◆ Record excerpts
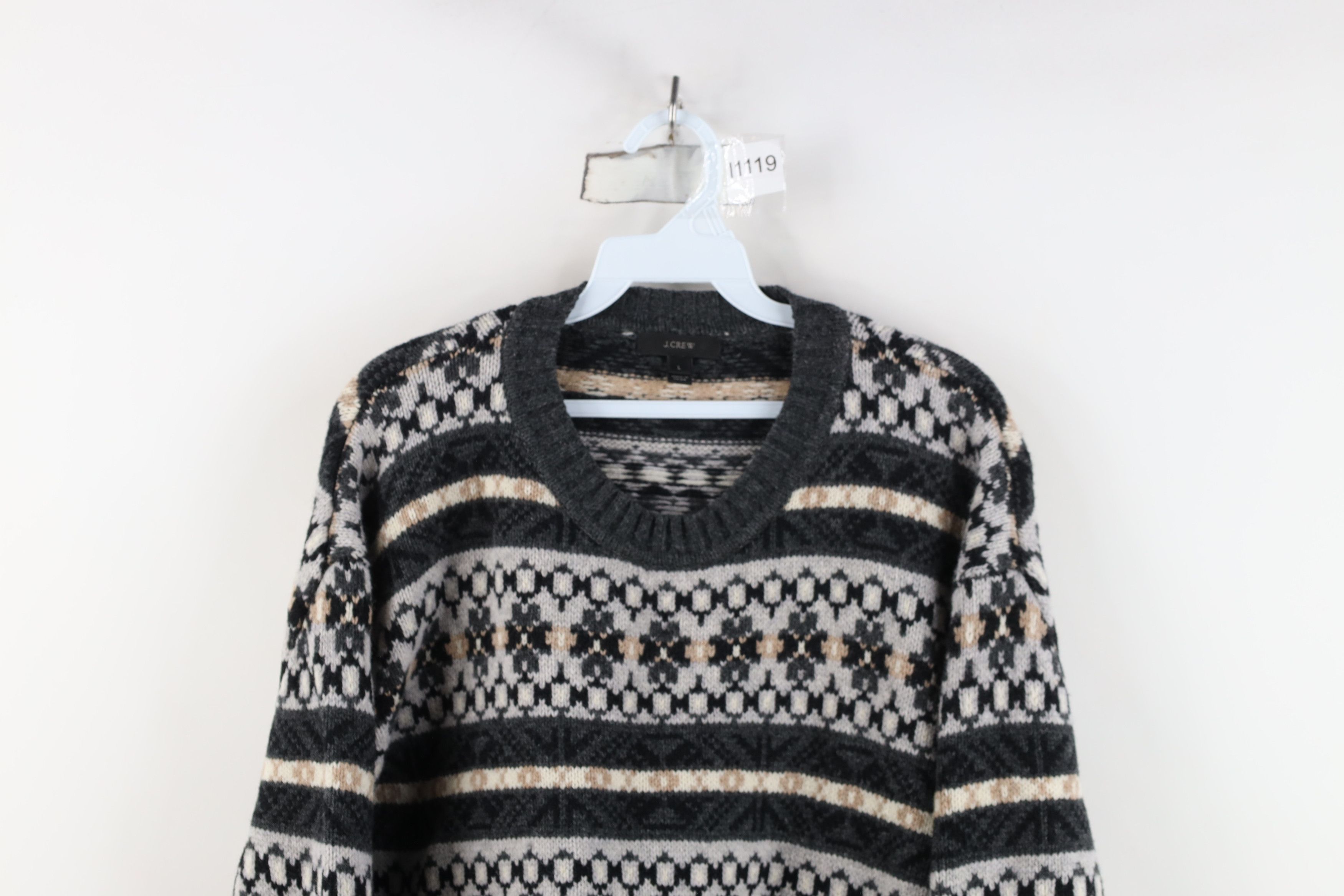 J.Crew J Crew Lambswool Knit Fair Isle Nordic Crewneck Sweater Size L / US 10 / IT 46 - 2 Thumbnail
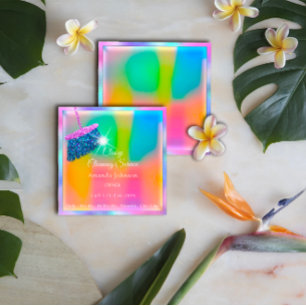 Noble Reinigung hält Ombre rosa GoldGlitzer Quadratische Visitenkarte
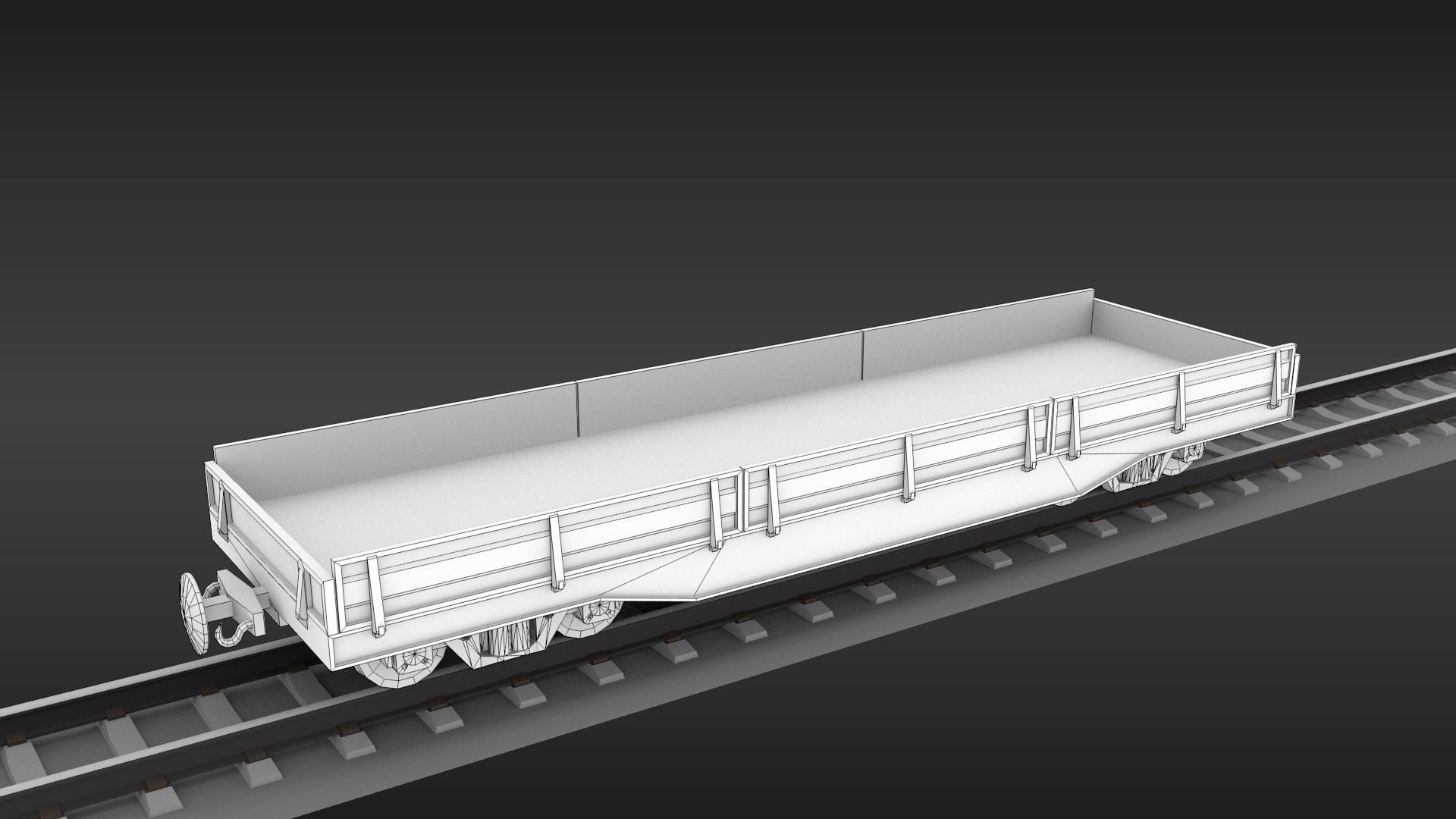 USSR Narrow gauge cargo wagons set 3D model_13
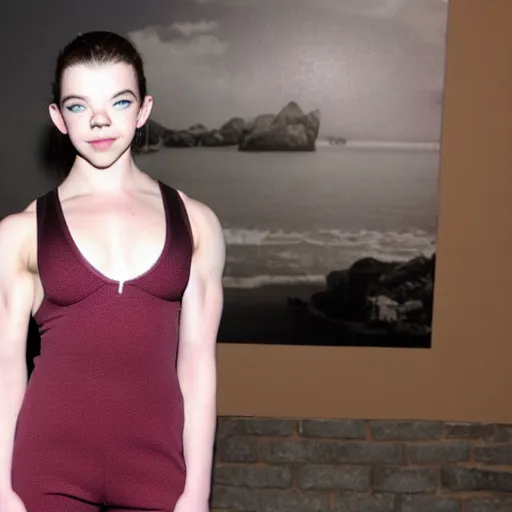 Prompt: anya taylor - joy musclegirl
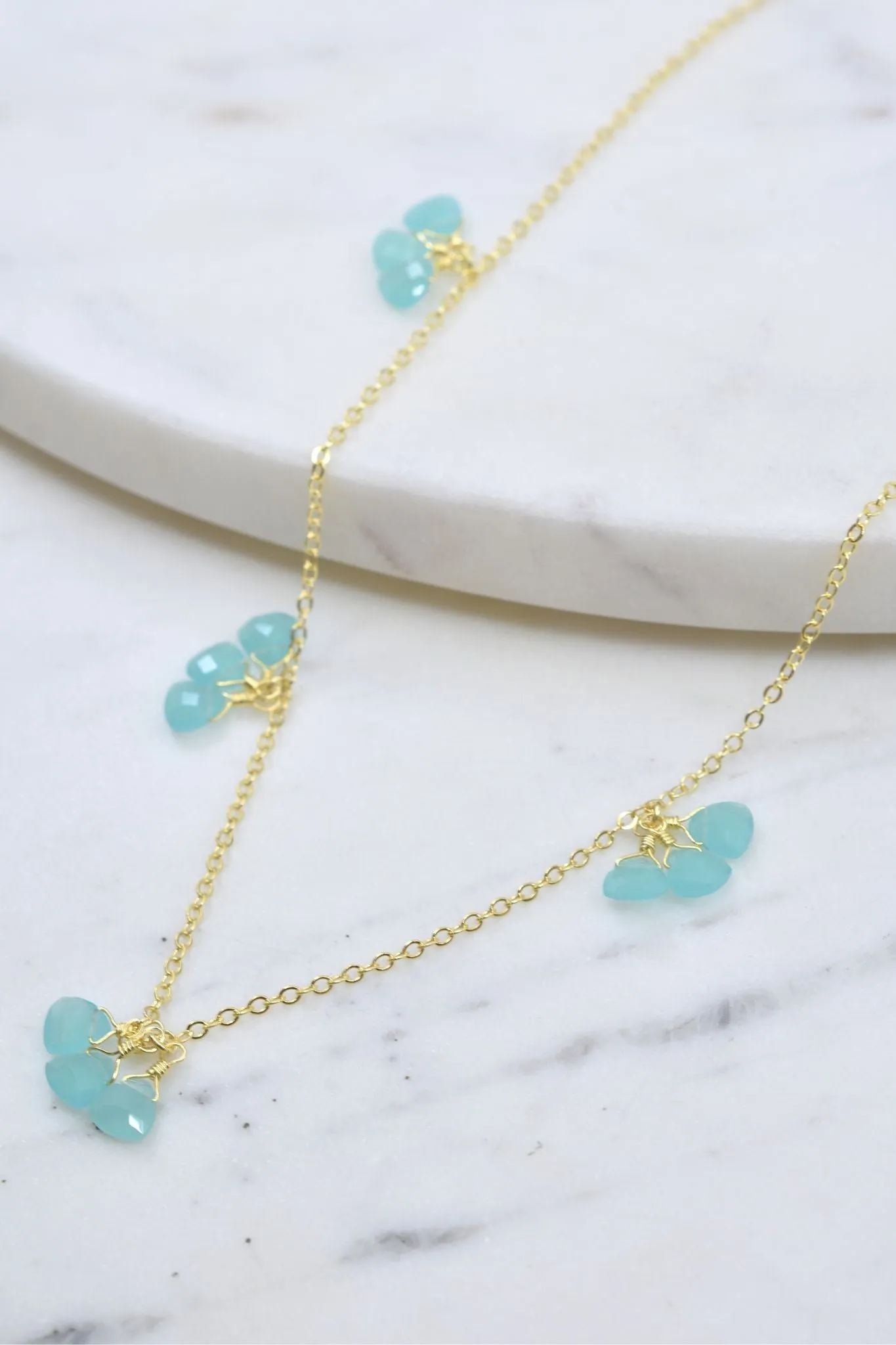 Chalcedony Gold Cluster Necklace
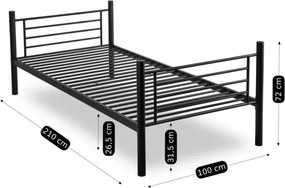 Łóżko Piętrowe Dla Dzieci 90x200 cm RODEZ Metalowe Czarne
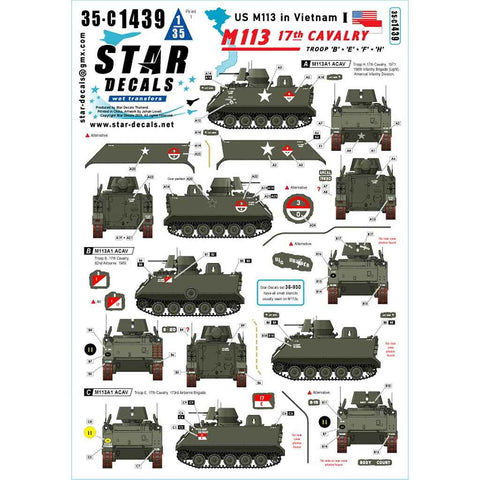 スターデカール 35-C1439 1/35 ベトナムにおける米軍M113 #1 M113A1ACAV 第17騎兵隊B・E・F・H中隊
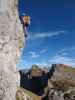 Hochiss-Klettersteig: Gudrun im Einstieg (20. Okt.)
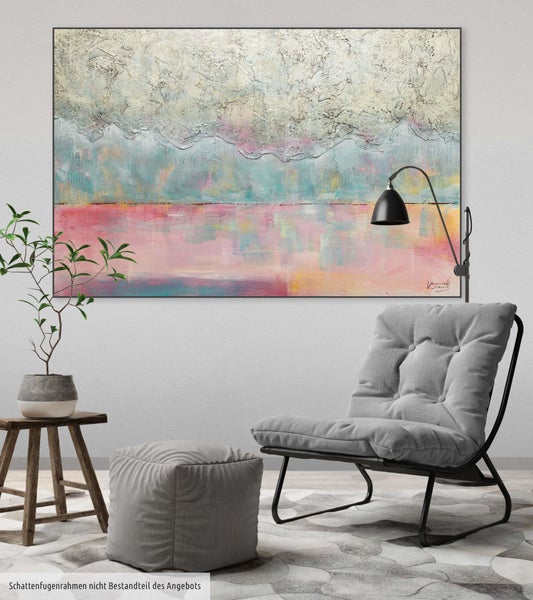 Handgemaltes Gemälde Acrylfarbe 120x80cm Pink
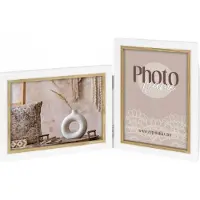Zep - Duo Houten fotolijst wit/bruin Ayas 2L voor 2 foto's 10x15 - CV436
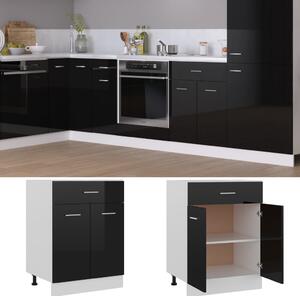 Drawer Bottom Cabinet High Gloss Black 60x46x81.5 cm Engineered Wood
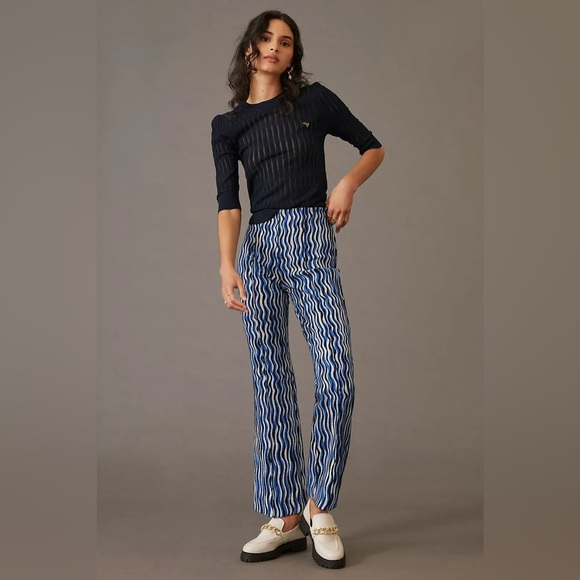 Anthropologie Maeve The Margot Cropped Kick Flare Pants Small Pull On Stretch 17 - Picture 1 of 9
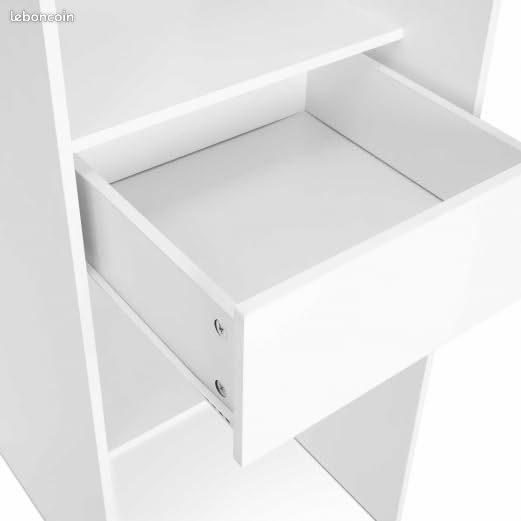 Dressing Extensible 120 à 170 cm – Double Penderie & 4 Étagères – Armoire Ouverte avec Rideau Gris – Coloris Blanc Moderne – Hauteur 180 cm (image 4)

◆ Work item
Leaving out every picture, repeat exactly the lines of the records from the start through the line that has "Prompt: anya taylor - joy musclegirl".

◆ Expected output
 J.Crew J Crew Lambswool Knit Fair Isle Nordic Crewneck Sweater Size L / US 10 / IT 46 - 2 Thumbnail
 Noble Reinigung hält Ombre rosa GoldGlitzer Quadratische Visitenkarte
 USSR Narrow gauge cargo wagons set 3D model_13
 Prompt: anya taylor - joy musclegirl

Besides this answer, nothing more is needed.